> What you have to do:
Quote word for word from the line holding "2712 - A 'WOODWAYS'" to the last line below, including both, and omit any pictures.

> Provided material:
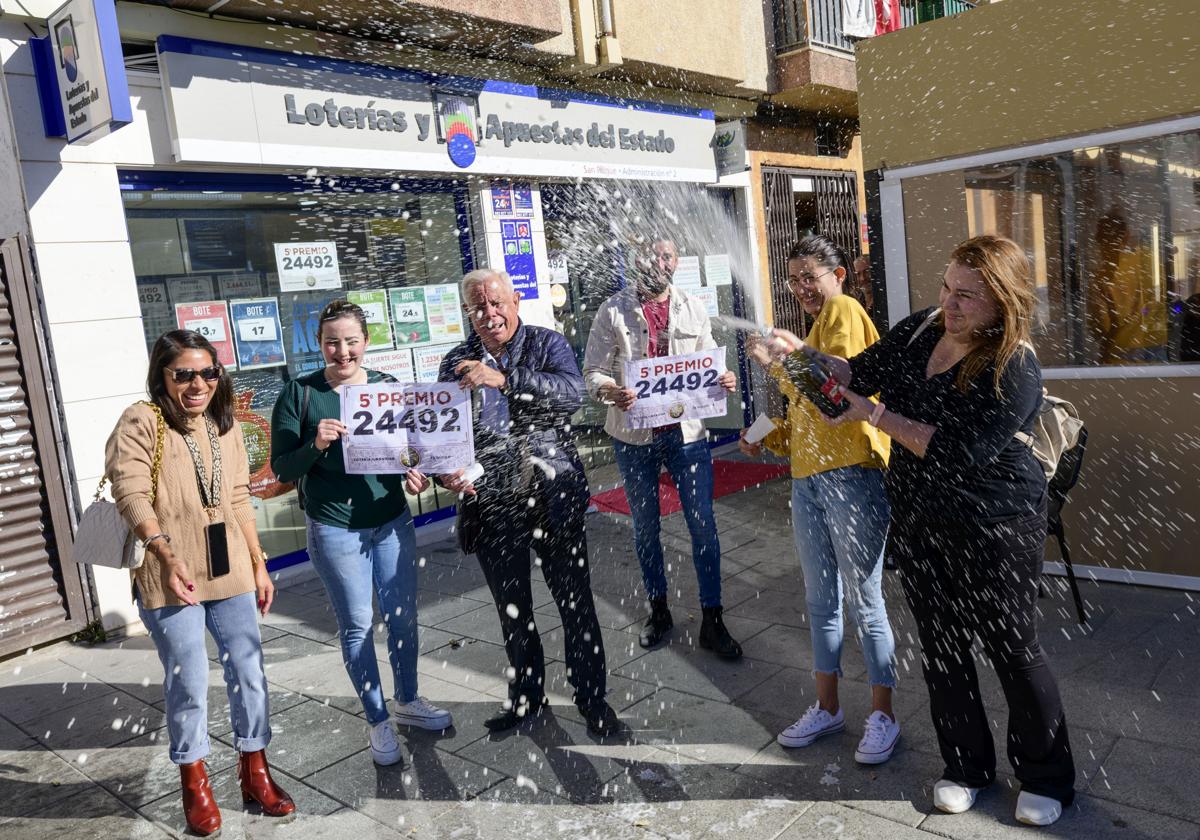 Varios ganadores en una administración de Loterías y Apuestas del Estado, en una imagen de archivo.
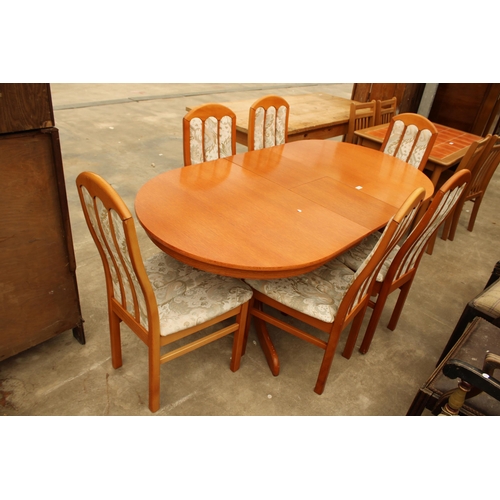 2712 - A 'WOODWAYS' EXTENDING DINING TABLE, 59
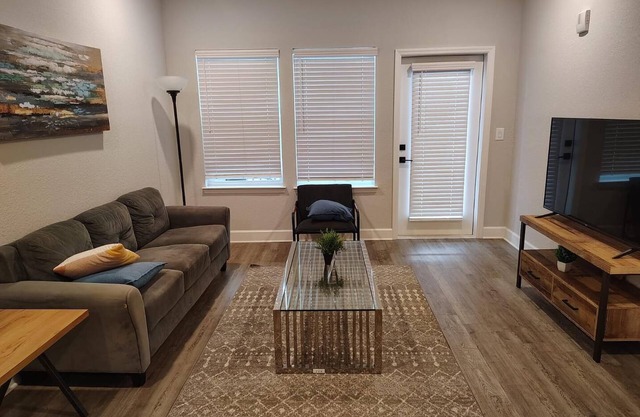 Landing | Amazing 1BD, Pool, Gym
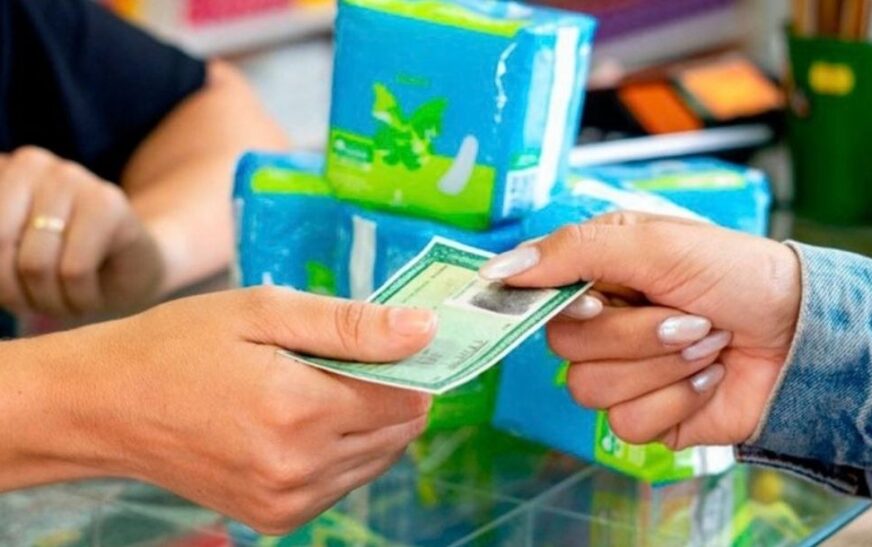 SUS garante saúde integral feminina e distribuição de absorventes. Saiba quem tem direito — Agência Gov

> Solution:
 2712 - A 'WOODWAYS' EXTENDING DINING TABLE, 59
 Landing | Amazing 1BD, Pool, Gym
 SUS garante saúde integral feminina e distribuição de absorventes. Saiba quem tem direito — Agência Gov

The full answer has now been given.